DIRECTIONS FOR THIS TASK
From the line that contains "CPU 8GB Ram" down to the final line of the listing below, set down every line exactly, both ends included, and drop the pictures.

INFORMATION PROVIDED
○ ○ ○ ○
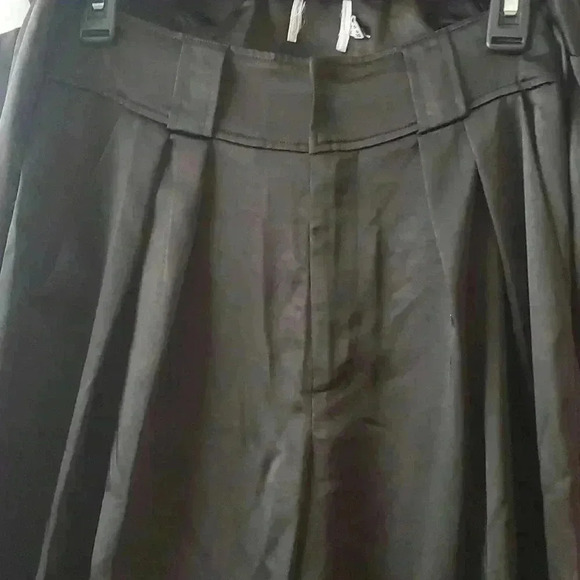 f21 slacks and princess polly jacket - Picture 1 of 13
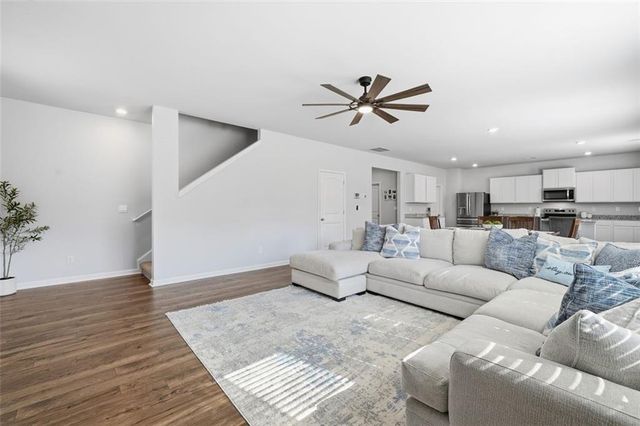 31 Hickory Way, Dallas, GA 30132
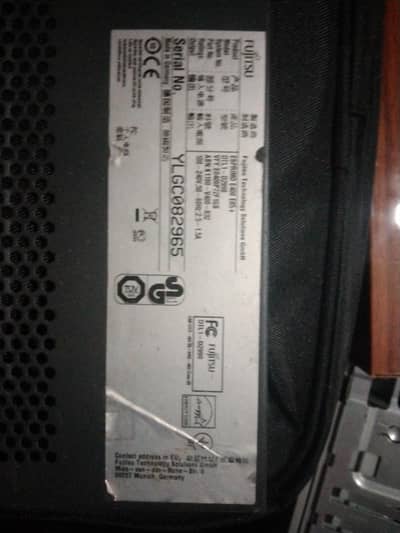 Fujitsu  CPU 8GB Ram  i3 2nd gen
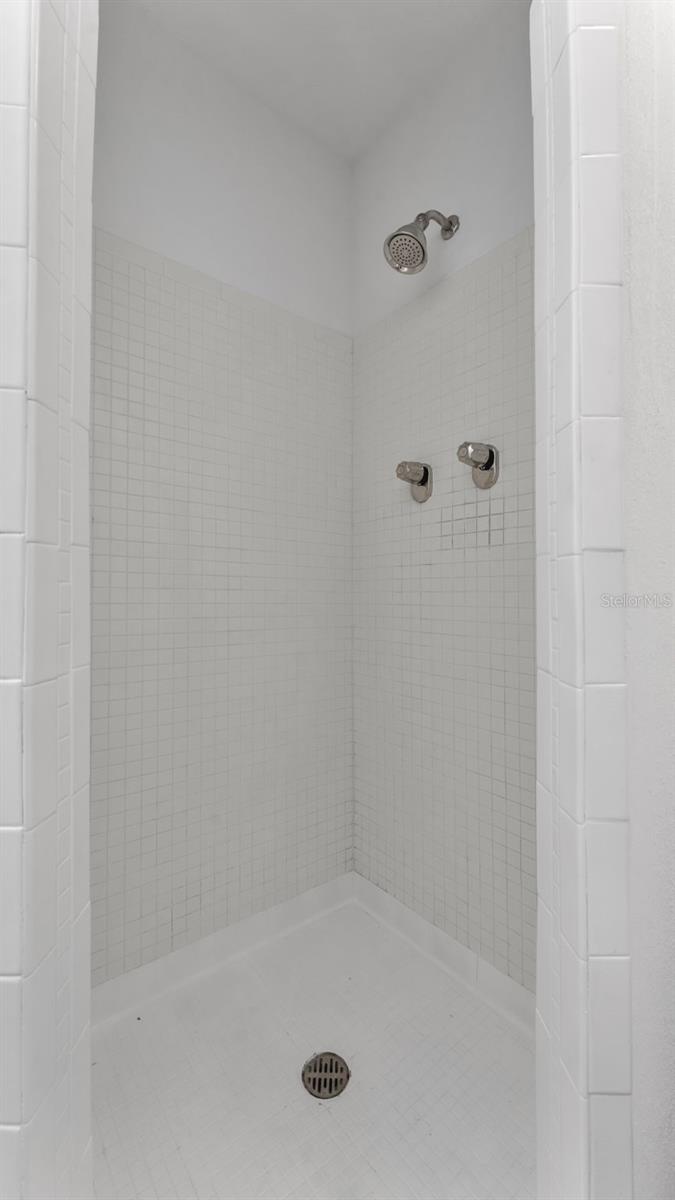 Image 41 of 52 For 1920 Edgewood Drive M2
○ ○ ○ ○
EXERCISE RESPONSE
 Fujitsu  CPU 8GB Ram  i3 2nd gen
 Image 41 of 52 For 1920 Edgewood Drive M2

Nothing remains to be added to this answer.